Work by Prof. Azad Kaushik, Molecular and Cellular Biology (MCB), on the genetic origin of cattle antibodies was spotlighted at the annual meeting of the American Association of Immunologists last month in San Diego. Kaushik was an invited speaker at the meeting, where he also co-chaired a session on comparative immunoglobulin structure and function.

He discovered these antibodies — among the largest known — in 1998 with then graduate student Surinder Saini. Another grad student, Farbod Shojaei, conducted followup studies.

Madhuri Koti, a recent MCB PhD graduate, has found the cow genes that produce these antibodies. Koti and Kaushik have engineered antibodies against bovine herpes virus type I. Working with Prof.

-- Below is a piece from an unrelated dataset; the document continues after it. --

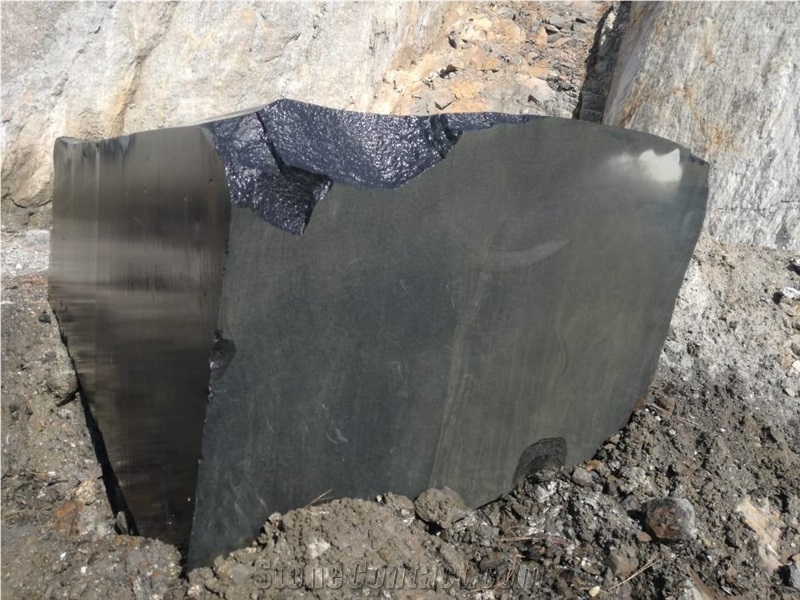 Himalayan Black Granite Blocks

Eva Nagy, Pathobiology, the researchers have tested the efficacy of engineered antibodies for treating respiratory and genital diseases caused by this virus in cattle. Those diseases cost the Canadian cattle industry about $100 million a year.

Kaushik says these antibodies are unusually large, making them easier to work with. Genetic engineering to manipulate these molecules may yield new diagnostic tools, drugs or therapies for use in cattle, he says.

His work has been supported by the Natural Sciences and Engineering Research Council and the Ontario Ministry of Agriculture, Food and Rural Affairs.